YouTube has decided that watching creators isn’t enough anymore. Now, you can talk to them too. Sort of. Not really. But also… yes.
In December, Google confirmed it’s expanding its AI “Portraits” experiment to include a small group of YouTube creators. The idea is simple: instead of just watching videos, viewers can interact with an AI version of a creator and ask questions in their “voice.”
If that sentence made you pause for a second, good. You’re paying attention.
This didn’t come out of nowhere. Back in June, Google launched Portraits, an AI feature that lets users chat with AI versions of well-known thinkers, authors, and business voices. These aren’t random impersonations. The creators themselves provide the content, ideas, and source material the AI is trained on.
So instead of reading every book by someone like Kim Scott, the system pulls relevant ideas and advice based on your question. It’s not the same as talking to the real person, but it’s a way to scale their thinking without requiring them to personally answer the same question 10,000 times.
Helpful? Sure. A little weird? Also yes. Now YouTube wants in.
According to YouTube, the Portraits feature is expanding to a select group of creators who opt in. These creators provide the content their AI portraits are built on, and U.S. viewers over 18 may soon see an option to “Talk to Creator’s Portrait” directly on participating channels.
This means you could ask an AI version of a creator questions about how they built their channel, how they think about content, or why they chose that thumbnail that made you click.
Yes, this could include someone like MrBeast.

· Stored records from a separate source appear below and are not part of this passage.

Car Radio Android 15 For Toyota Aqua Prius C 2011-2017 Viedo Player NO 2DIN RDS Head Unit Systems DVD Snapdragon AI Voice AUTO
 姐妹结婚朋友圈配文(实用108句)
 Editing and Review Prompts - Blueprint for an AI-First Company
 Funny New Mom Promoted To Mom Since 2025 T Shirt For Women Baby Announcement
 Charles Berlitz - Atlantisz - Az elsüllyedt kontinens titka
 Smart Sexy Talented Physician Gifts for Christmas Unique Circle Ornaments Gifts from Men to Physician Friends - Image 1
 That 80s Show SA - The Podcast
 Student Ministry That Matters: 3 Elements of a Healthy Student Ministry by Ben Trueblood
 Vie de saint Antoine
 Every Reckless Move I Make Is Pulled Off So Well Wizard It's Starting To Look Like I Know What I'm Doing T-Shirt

No, this does not mean you’re actually talking to MrBeast. It means you’re talking to a very well-trained robot that sounds like him.
Let’s be honest. The main audience here isn’t casual viewers. It’s other creators.
People who want to grow on YouTube, figure out content strategy, or understand how successful channels think are probably going to be the ones asking the most questions. An AI trained on years of a creator’s videos could answer common questions in seconds.
Fans will use it too, of course. People will ask personal questions, inside jokes, and things the real creator would never respond to anyway. Google’s generative AI will fill in the gaps with responses styled to sound like the creator, which opens up an entirely separate conversation about authenticity.
But that’s a blog for another day.
YouTube isn’t alone here. Meta has been experimenting with AI chatbots modeled after well-known creators and public figures, positioning them as a way for fans to interact without needing the real person to be present.
Here’s the issue: social media already allows real interaction. Comments, DMs, replies, and live streams. You can actually talk to creators now, even big ones, in ways that didn’t exist ten years ago.
Replacing that with an AI version raises a fair question: Does this enhance connection or dilute it? Talking to a robot that pretends to be human doesn’t feel like progress in terms of relationship building. It feels like a shortcut.
That said, there is a use case here.
If YouTube positions these AI portraits as educational tools rather than stand-ins for human connection, they could be genuinely useful. Explaining a creator’s process, content decisions, or creative framework is very different from pretending to be their personality.
If this becomes a way to learn the how and why behind successful YouTube channels, it could be valuable. If it turns into simulated friendship, it’s going to feel off fast.
This feature sits right on the line between helpful and uncomfortable.
Used correctly, it could scale knowledge and insight without burning creators out. Used poorly, it risks turning creators into chatbots and connection into a novelty.
YouTube hasn’t crossed that line yet. But it’s definitely standing close enough to make everyone a little uneasy. And honestly, that’s probably the most honest reaction of all.